Ich hab mir folgendes Beispiel auf der Siemens-Seite geladen und auch soweit eingerichtet:

(Positionierung eines S120 mit STEP 7 V5 über PROFIBUS mit Safety Integrated (via Klemme)
https://support.industry.siemens.com/cs/document/67261457?dti=0&lc=de-WW

Der Antrieb lässt sich soweit einwandfrei über die Visu ansteuern (Drehzahlgesteuert). Nun möchte ich die Umschaltung von Drehzahl auf Drehmomentregelung einfügen sowie auch weitere Werte auslesen (Strom, Drehmoment, Motortemperatur)
Im Starter hab ich hierfür das Standardtelegramm 1 verlängert (Telegrammverlängerung - Länge 8) und unter Kommunikation (Servo) die Kanäle eingefügt.
Muss ich in Simatic nun den Struct UDT 13 um diese Kanäle erweitern bzw. identisch mit dem Aufbau in Starter ergänzen. Lässt sich so ein Baustein-Struct nicht automatisiert erstellen?

Softwar-Umgebung:

S7 V5.5 SP1
Starter 4.4 HF3

Vielen Dank im Vorraus


----------



## zako (5 Juli 2015)

wenn Du momentan Tel. 1 einsetzt, dann verfährst Du drehzahlgeregelt (Du hast noch den Hochlaufgeber aktiviert ?). 
Ich würde nun Zusatzdaten anlegen (oder eine Telegrammverlängerung) und dort z.B die Drehmomentgrenzen vorgeben und eben den Stromistwert r68, Drehmoment r80 und Temperatur r35 hoch zur SPS schicken (Kommunizieren kann man über SFC14/15 in "classic")
Wenn man nun das Drehmoment begrenzt dann kann man z.B. einstellen, wie der Hochlaufgeber reagiert, z.B. kann man den Drehzahlsollwert immer auf den Drehzahlistwert nachführen und wenn das Gegenmoment nachlässt stoßfrei weiterfahren.
Möglichkeiten hast Du durch die Bico-/Konnektortechnologie des SINAMICS ohne Ende - wenn Du willst kannst Du per DCC eigene Logik direkt im Antrieb  programmieren.


----------



## Andy_Scheck (8 Juli 2015)

Hallo,
war leider bis gestern damit beschäftigt die Telegrammverlängerung und die damit verbundene Änderung im UDT zum laufen zu bekommen - passt soweit.
Hab den Stromistwert, das Drehmoment und die Temperatur in die Telegrammverlängerung gepackt (Sendedaten) und lass mir das im WinCC anzeigen.

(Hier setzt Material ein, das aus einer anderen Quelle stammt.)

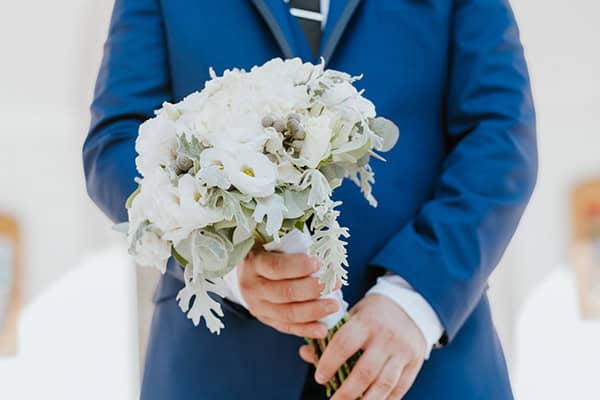 Όμορφη νυφική ανθοδέσμη με λευκό λυσίανθο και πρασινάδα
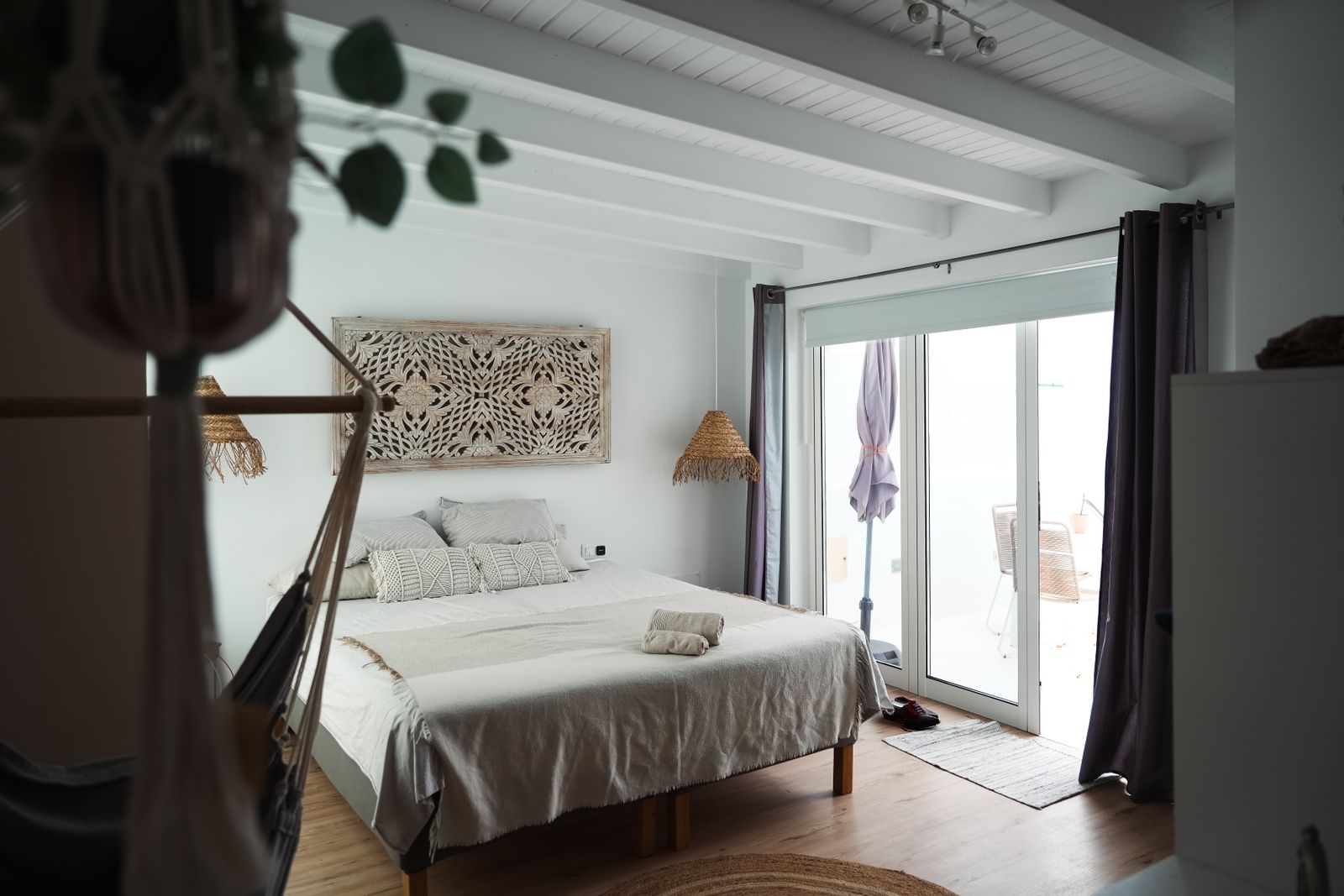 Guest suite, morning light, The Mesa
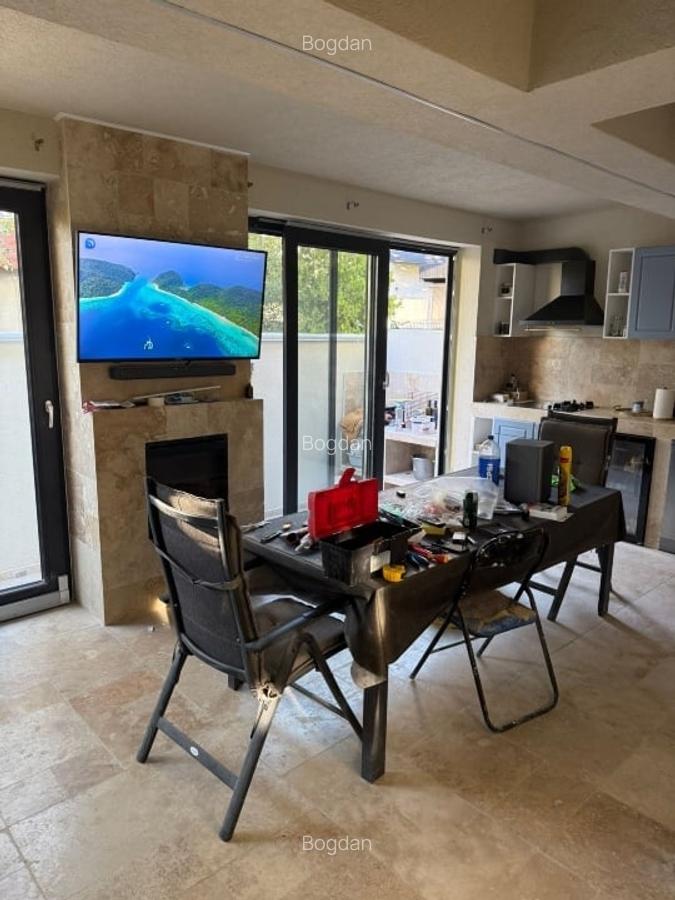 Vânzare casă  P+1+M - 9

Nun würde ich gerne eine reine Drehmoment-Regelung realisieren: Bsp. Vorgabe 10Nm - Antrieb läuft Drehzahlunabhängig mit 10 Nm.
Gibt es hierzu keinen Drehmoment-Sollwert?
Im Beispiel von Zako müsste ich die Drehmomentgrenzen benutzen, hier gibt es jeweils
- Drehmomentgrenze oben/motorisch
- Drehmomentgrenze unten/generatorisch
- Drehmomentgrenze oben/motorisch Skalierung
- Drehmomentgrenze unten/generatorisch Skalierung

Schritt 2 wäre dann eine Positionieraufgabe. Gibt es hier auch die Möglichkeit für eine Umschaltung.

Vielen Dank soweit


----------



## zako (8 Juli 2015)

... natürlich kannst Du den Antrieb auch in reiner Drehmomentregelung betreiben (soweit ich es im Kopf habe, in p1501 verschaltest Du ein Bit wo man zwischen Drehzahlregelung und Drehmomentregelung "on the fly" umschalten kannst und über p1503 kann man dann ein Wort verschalten wo man den Drehmomentsollwert vorgeben kann (z.B. vom Bus r2050[x] oder einen Festwert p2930)). Be.i drehzahlgeregelten Achsen kann man da in Betrieb und bei drehender Achse hin- und herschalten (habe ich in VECTOR- Regelung schon gemacht, bei SERVO mit aktivierten Hochlaufgeber sollte das auch funktionieren).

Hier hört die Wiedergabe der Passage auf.